Using telepresence enabled remote-operated vehicles to assess hydrothermal outflow along a collapse scar near the Kick’em Jenny Volcano

Eric L Mittelstaedt, University of Idaho, Department of Geological Sciences, Moscow, ID, United States and Silas Z Whitley, University of Idaho, Moscow, ID, United States
Abstract:
During expedition NA054 of the E/V Nautilus from 18 September to 9 October 2014 and as part of the TREET (Transforming Remotely Conducted Research through Ethnography, Education, and Rapidly Evolving Technologies) project, a series of photographic surveys along the shoulder of the Kick’em Jenny volcano were performed under direction of a remote research team located at the University of Rhode Island Inner Space Center. The primary goal of these surveys was to map the distribution and extent of active and extinct hydrothermal activity along a large collapse scar surrounding the current edifice of the Kick’em Jenny volcano. Photomosaic surveys cover a area of ~3000 m2 and reveal extensive basalt alteration with areas of active diffuse hydrothermal outflow. The spatial extents of orange-colored alteration and white, bacterial mats, taken to indicate active outflow, are quantified using both manual identification and an automated, supervised classification scheme. Both methods find that alteration covers ~7-8% and active outflow ~1-3% of the survey region.
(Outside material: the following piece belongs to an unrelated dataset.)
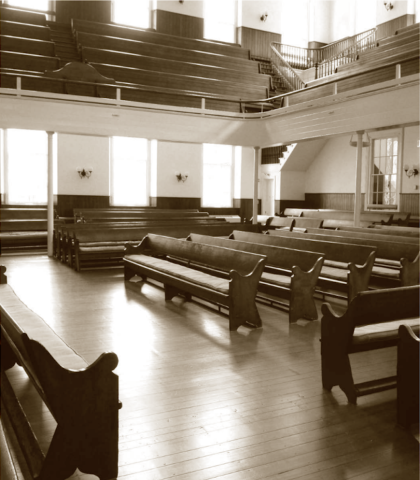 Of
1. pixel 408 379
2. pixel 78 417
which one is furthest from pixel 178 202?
pixel 78 417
It is unclear if the observed hydrothermal fluids are part of the fluid circulation network of the nearby Kick’em Jenny volcano or if a separate heat source is driving this flow. To test these two endmember cases, we use a 2D, finite-difference, marker-in-cell code to simulate hydrothermal circulation of a single-phase fluid within the oceanic crust. Parameters varied include the permeability structure (e.g., inclusion of a permeability barrier representing the collapse surface), the depth to the heat source beneath Kick’em Jenny, and the bathymetry. We will discuss results from the photomosaic analysis and our initial models.